Je serai donc très court dans mon inter­vention.

Oui! Nous devons avoir à tous les niveaux le souci de pérenniser notre ANCAC. Nous sommes encore une association qui se porte bien malgré la disparition de nombreux cama­rades responsables.

Ce Congrès a montré une nouvelle fois tout l'engagement, le dévouement des délégués de poursuivre notre action pour nos droits à ré­paration mais également celui de la Mémoire qui reste un élément fondamental de notre Association.

A ce sujet, je voudrais vous informer qu'il vient de sortir le document historique sur les cheminots victimes de la répression 1940-1945. Ce travail qui a duré 3 ans sous la direction de Thomas FONTAINE docteur en histoire en partenariat avec la Direction SNCF, Rail Mémoire, IHS - CGT des Cheminots -Rails et histoire et de l'ANCAC.

Ce livre est un mémorial qui représente les 2 229 victimes de la répression, un livre qui

vous permettra de retrouver toute l'histoire de ces Cheminots Résistants fusillés et vous apportera un plus pour la mémoire collective. Il est actuellement en vente dans les librairies au prix de 25 euros.

J'y ajoute également celui de notre combat pour la PAIX dans le monde. Il serait temps que les grandes puissances s'engagent sur le chemin de la PAIX et de l'égalité sociale pour tous les peuples et non pas de poursuivre celui de la guerre avec des budgets militaires toujours en progression.

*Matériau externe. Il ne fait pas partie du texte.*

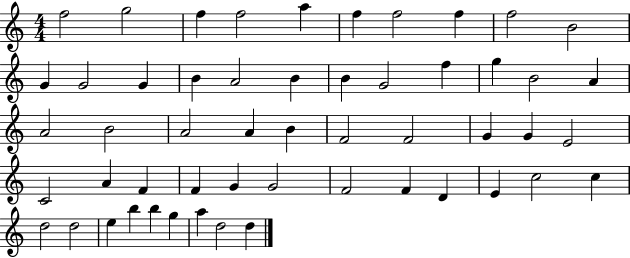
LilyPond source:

{
  \clef treble
  \numericTimeSignature
  \time 4/4
  \key c \major
  f''2 g''2 | f''4 f''2 a''4 | f''4 f''2 f''4 | f''2 b'2 | \break g'4 g'2 g'4 | b'4 a'2 b'4 | b'4 g'2 f''4 | g''4 b'2 a'4 | \break a'2 b'2 | a'2 a'4 b'4 | f'2 f'2 | g'4 g'4 e'2 | \break c'2 a'4 f'4 | f'4 g'4 g'2 | f'2 f'4 d'4 | e'4 c''2 c''4 | \break d''2 d''2 | e''4 b''4 b''4 g''4 | a''4 d''2 d''4 | \bar "|."
}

Mais dans un premier temps, je voudrais à mon tour remercier chaleureusement la section de TOULON, son Président Louis DUTTO, Muriel SIGAUD et toute l'équipe pour l'organisation de ce 40e Congrès National qui marquera la ville de TOULON puisqu'il y a ef­fectivement 40 ans que notre regretté Marcel GINESY organisait le 20e Congrès en 1977 dans cette ville.

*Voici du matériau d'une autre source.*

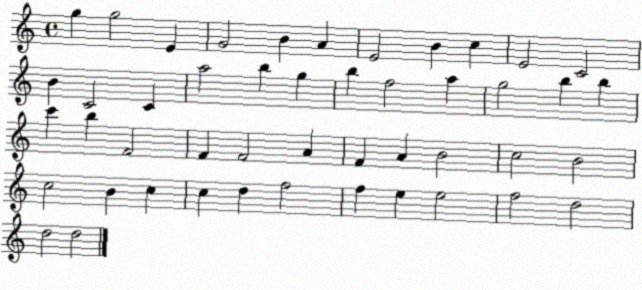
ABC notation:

X:1
T:Untitled
M:4/4
L:1/4
K:C
g g2 E G2 B A E2 B c E2 C2 B C2 C a2 b g b f2 a g2 b b c' b F2 F F2 A F A B2 c2 B2 c2 B c c d f2 f e e2 f2 d2 d2 d2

40 ans après, nous voici de nouveau dans cette belle ville de TOULON. Malheureuse­ment nous avons perdu de nombreuses per­sonnalités de notre Association, en premier lieu tous les grands Résistants 1939-1945 qui ont été à la Direction de l'ANCAC.

Nous pensons à eux en ce 40e Congrès Na­tional. Ils ont su maintenir l'ANCAC au plus haut niveau pendant de nombreuses années.

Aujourd'hui, notre génération a beaucoup plus de mal, les effectifs se réduisent, les responsables de Sections de Réseaux ont une santé fragile mais tous ont la même détermi­nation à savoir conserver notre ANCAC.

Je voudrais également remercier la munici­palité de TOULON pour son aide matérielle.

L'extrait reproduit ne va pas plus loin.